PROBLEM DESCRIPTION -> Word for word, restate every line from the one with "Rede de fast" through the end of the records below, both included, and add nothing.

(SUPPLIED ENTRIES Opens)

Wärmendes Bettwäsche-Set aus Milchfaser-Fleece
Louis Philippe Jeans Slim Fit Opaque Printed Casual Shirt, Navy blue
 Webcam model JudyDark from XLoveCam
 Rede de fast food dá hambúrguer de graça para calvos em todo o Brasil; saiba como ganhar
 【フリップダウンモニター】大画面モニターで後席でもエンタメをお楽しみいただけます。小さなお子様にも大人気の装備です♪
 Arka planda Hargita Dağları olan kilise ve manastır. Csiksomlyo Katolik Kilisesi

(SUPPLIED ENTRIES Closes)

COMPLETED EXERCISE ->
 Rede de fast food dá hambúrguer de graça para calvos em todo o Brasil; saiba como ganhar
 【フリップダウンモニター】大画面モニターで後席でもエンタメをお楽しみいただけます。小さなお子様にも大人気の装備です♪
 Arka planda Hargita Dağları olan kilise ve manastır. Csiksomlyo Katolik Kilisesi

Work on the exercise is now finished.